• What to work on: Beginning with the line that contains "red tape men's dark brown derby shoes", repeat each line exactly through the end of the listing below. Pictures stay out.

• Source data:
####

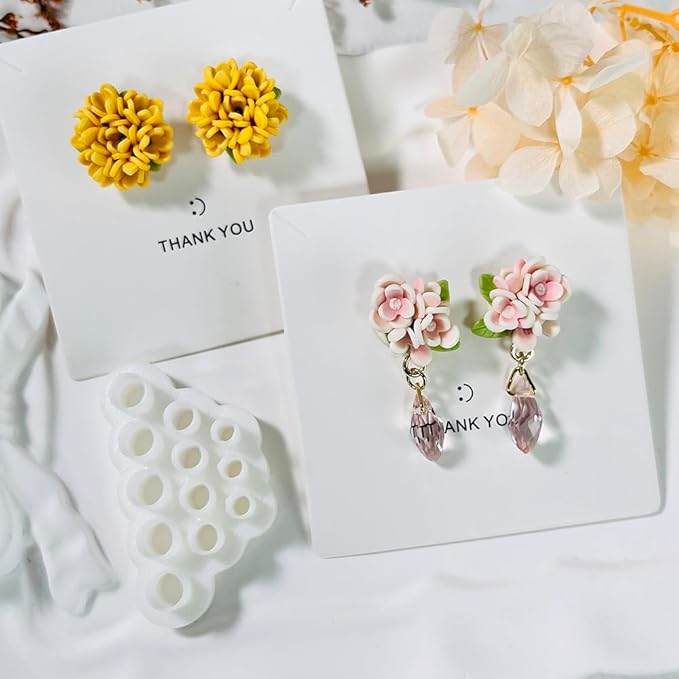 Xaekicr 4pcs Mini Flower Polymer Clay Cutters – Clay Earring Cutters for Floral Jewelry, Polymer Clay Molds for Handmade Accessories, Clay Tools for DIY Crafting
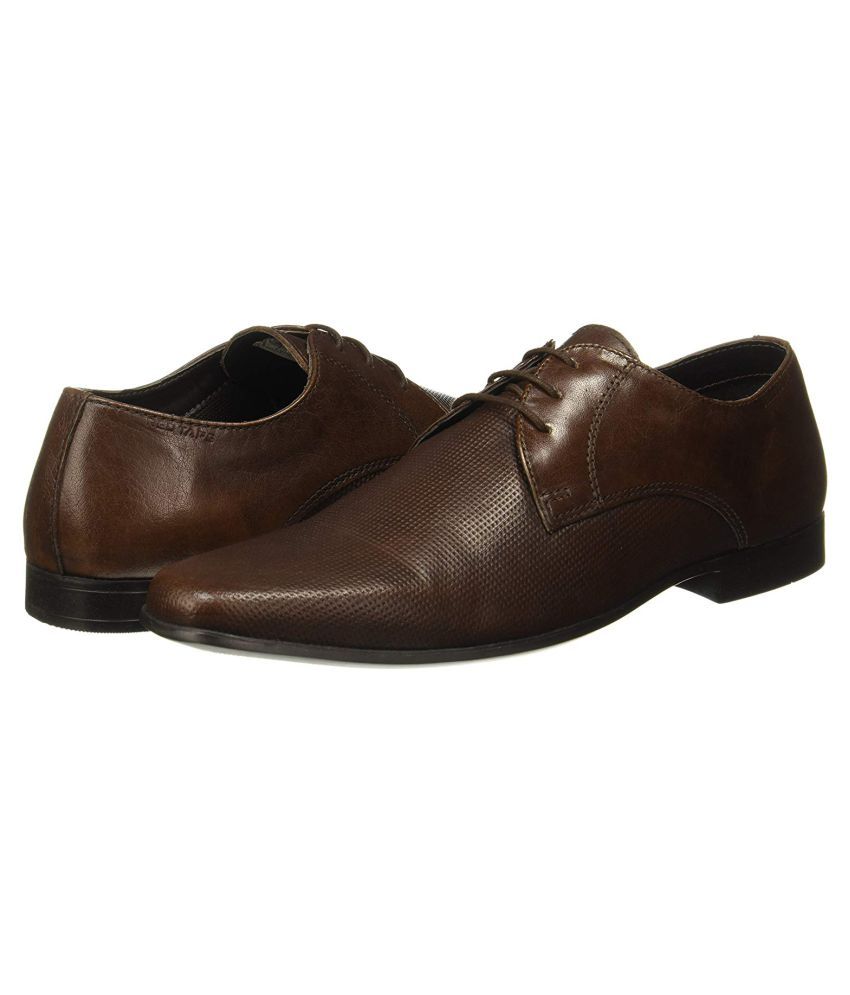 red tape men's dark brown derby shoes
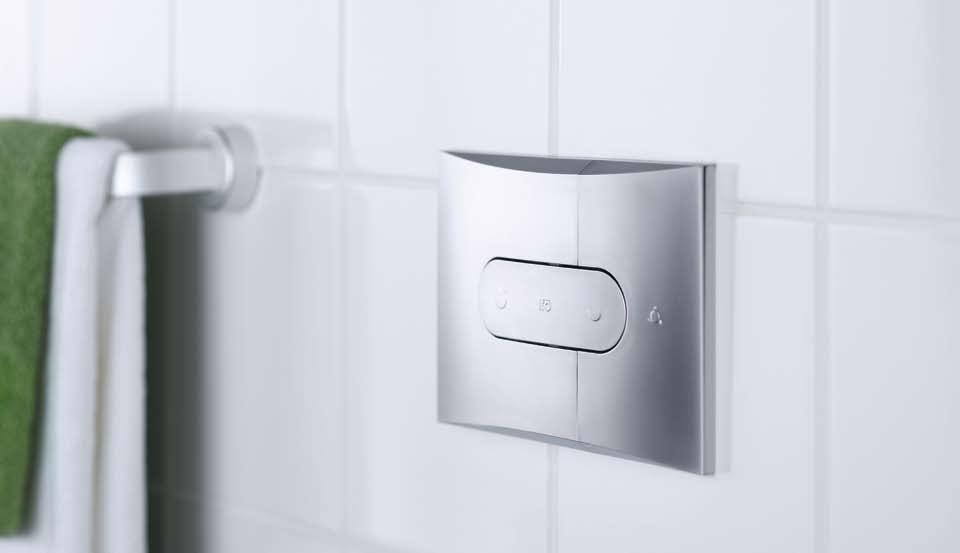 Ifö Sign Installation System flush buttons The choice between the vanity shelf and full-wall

####

• Written solution:
 red tape men's dark brown derby shoes
 Ifö Sign Installation System flush buttons The choice between the vanity shelf and full-wall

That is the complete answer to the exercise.